Authors: Alex Wang and Luis A. Perez, Harvard University

Required Package

Running the code in this repository requires the installation of: - numpy - matplotlib - seaborn - GPy - pandas - pickle

Code is contained either in the notebook/ directory (iPython Notebooks) or in predictor/ directory (source code for predictor).

Problem Statement

We are interested in applying machine learning methods to datasets regarding crime (crime statistics in particular cities) and possible related factors (such as tweet data, income, etc.). Specifically, we are interested in investigating if it is possible to predict criminal events for a specific time and place in the future (for example, assigning a risk level for a shooting within the next week to different neighborhoods).\

There is an abundance of data to incorporate into the model. Most notably, numerous cities, such as Chicago [^1] and New York [^2], have large datasets detailing crimes over the past decade. This data is broken down into type of crime (e.g. theft, murder, narcotics, etc.), time of day and year, geographic location, and more. Furthermore, cities have released a myriad of other datasets that may possibly relate: median income, location of police stations, etc [^3]. Combined with possible other outside sources, such as geo-located Tweets [^4], newspaper headlines, etc) there is a copious amount of data to engineer features from and incorporate. This problem area is interesting because of the dynamics that drive crime and the level of granularity needed.\

Furthermore, this problem area is useful and novel. Being able to predict where crime will be most prevalent is of obvious benefit to a city and its citizens. The police force could allocate more resources to the predicted high-crime area in order to preempt criminal activity, and citizens would be safer by knowing what parts of a city they should avoid. However, in order to create actionable insights, the model created needs to be able to predict crime within a small time frame, for example around a day or week, and a small geographic region, e.g. a block or a neighborhood.\

Having described the available data and the possible difficulties, we can now refine the questions to investigate in this project. First and foremost, we are interested in seeing if we can predict the criminal incidents, perhaps for a specific type of crime, for a small time frame and geographic region. Second, we are interested in learning which features have the most predictive power with respect to crime. Having an understanding of driving factors, cities can better work to mitigate the risk factors for crime.

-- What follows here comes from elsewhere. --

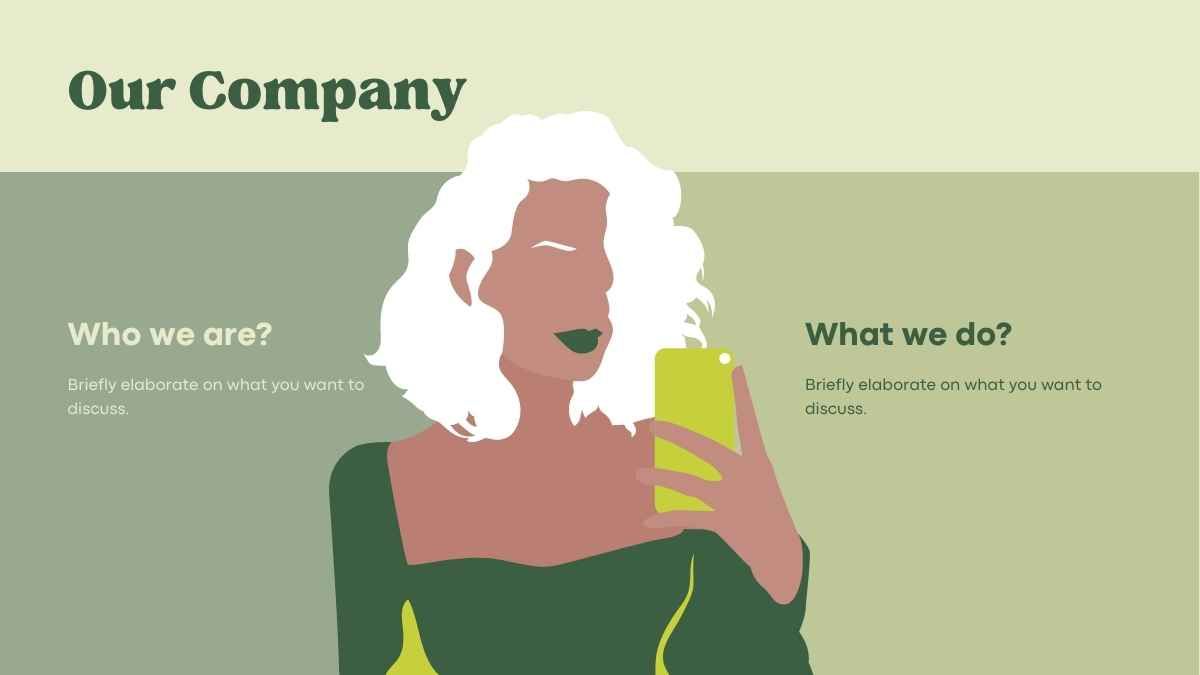 Kit de imagen de marca creativa ilustrada - diapositiva 5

As a problem-driven project, a significant portion of this project will include implementing various regressions algorithms. The first challenge in this problem will be feature extraction. PCA and other methods to analyze correlation between features we extract, as well as simple data exploration methodologies (such as analyzing trends over-time, etc.) will be helpful for feature prediction.\

For ML models, we will begin with simple linear regression (Bayesian) on the features we ultimately extract. We expect numerous features, so we will need to enforce sparsity via regularization or some form of dimensionality reduction. Ultimately we would like to try to implement a neural network, specifically a recurrent neural network, for practice and to see if they lead to improved performance. Our understanding is that RNNs are good for capturing patterns in time series data, which is how this data is structured. In that case we would implement the neural net in Torch. Beyond that, we will need to explore various other regression models to determine what is appropriate for the data and context. If time allows, we would also like to explore other models typically good for time series data, such as Hidden Markov Models or Gaussian Process, though we’re somewhat unfamiliar with both.\

In the end, we will likely need to develop a more sophisticated model that more fully captures the dynamics of crime. For example, some research has been done into the mutually excitatory nature of crime, e.g. crime in one area causes surrounding areas to be more susceptible to crime. These types of modeling enhancements may lead to better predictive power. We expect to spend a good amount of time tweaking different model ideas, and measuring their performance.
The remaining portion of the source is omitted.